> **What needs to be done**: Repeat every line of the data exactly, but not the pictures.

> **Supplied information**:

◆ ◆ ◆

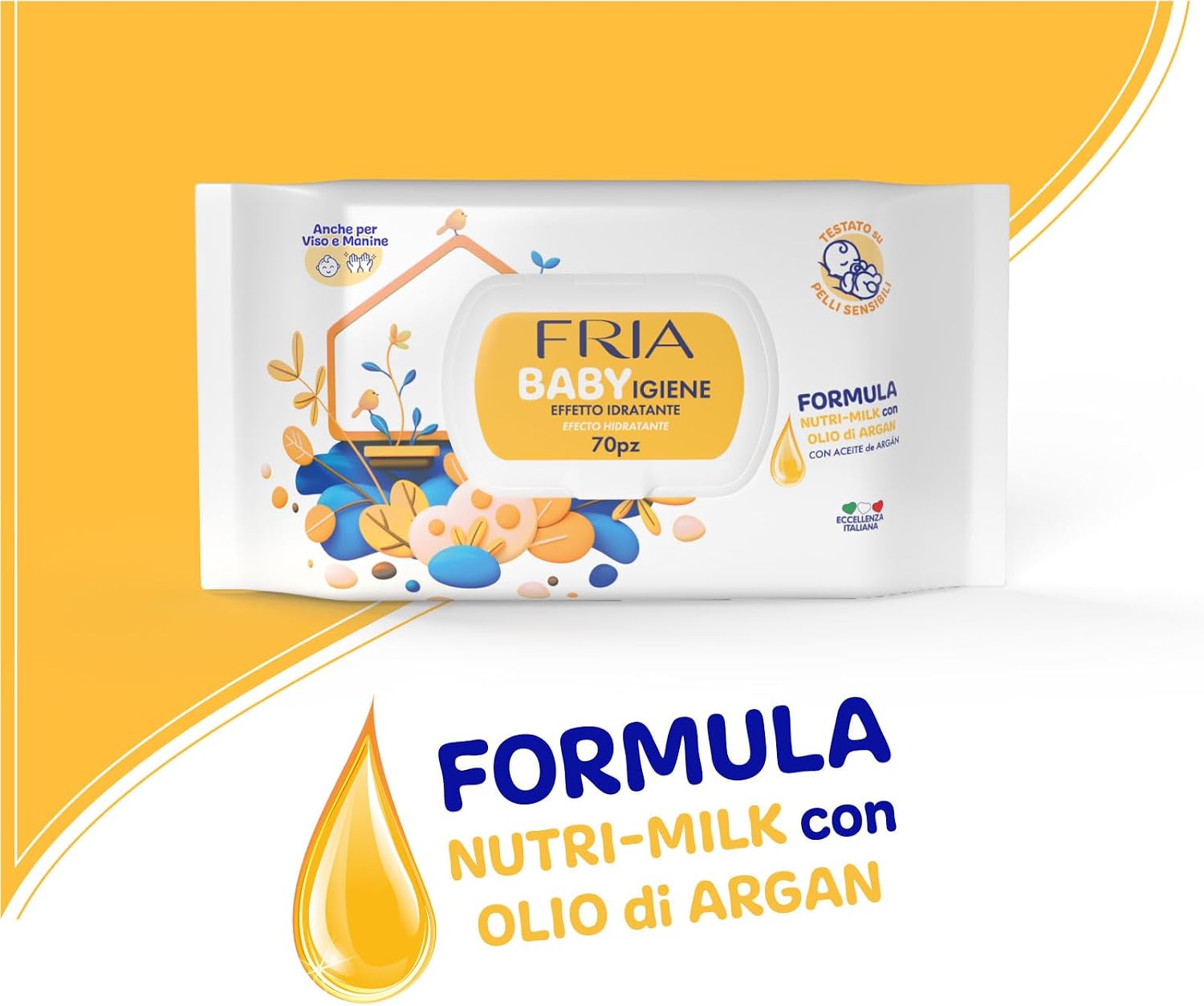 Detalle de FRIA 090015B Baby Wipes, 72 Count, Nutri-Milk and Argan Oil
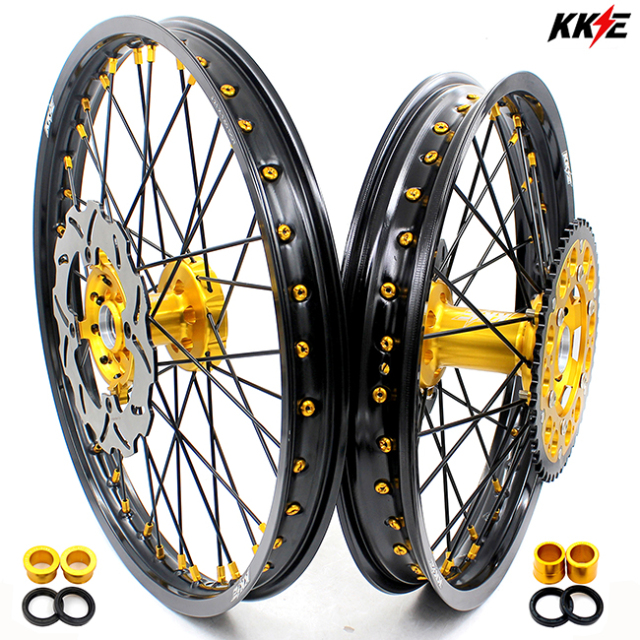 KKE 21/19 Dirtbike MX Wheels Set Fit SUZUKI RMZ250 RMZ450 2005-2022 Gold Nipple Black Spoke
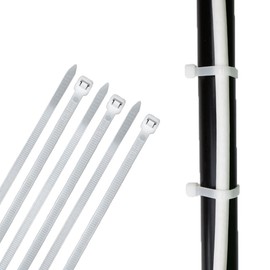 HORZEFIX Cable Ties Pack of 100 White Weatherproof Long UV Resistant Universal Ties 2.5 / 3.6 / 4.8 / 7.6 Wide (4.8 x 200 mm)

◆ ◆ ◆

> **Response to the exercise**:
 Detalle de FRIA 090015B Baby Wipes, 72 Count, Nutri-Milk and Argan Oil
 KKE 21/19 Dirtbike MX Wheels Set Fit SUZUKI RMZ250 RMZ450 2005-2022 Gold Nipple Black Spoke
 HORZEFIX Cable Ties Pack of 100 White Weatherproof Long UV Resistant Universal Ties 2.5 / 3.6 / 4.8 / 7.6 Wide (4.8 x 200 mm)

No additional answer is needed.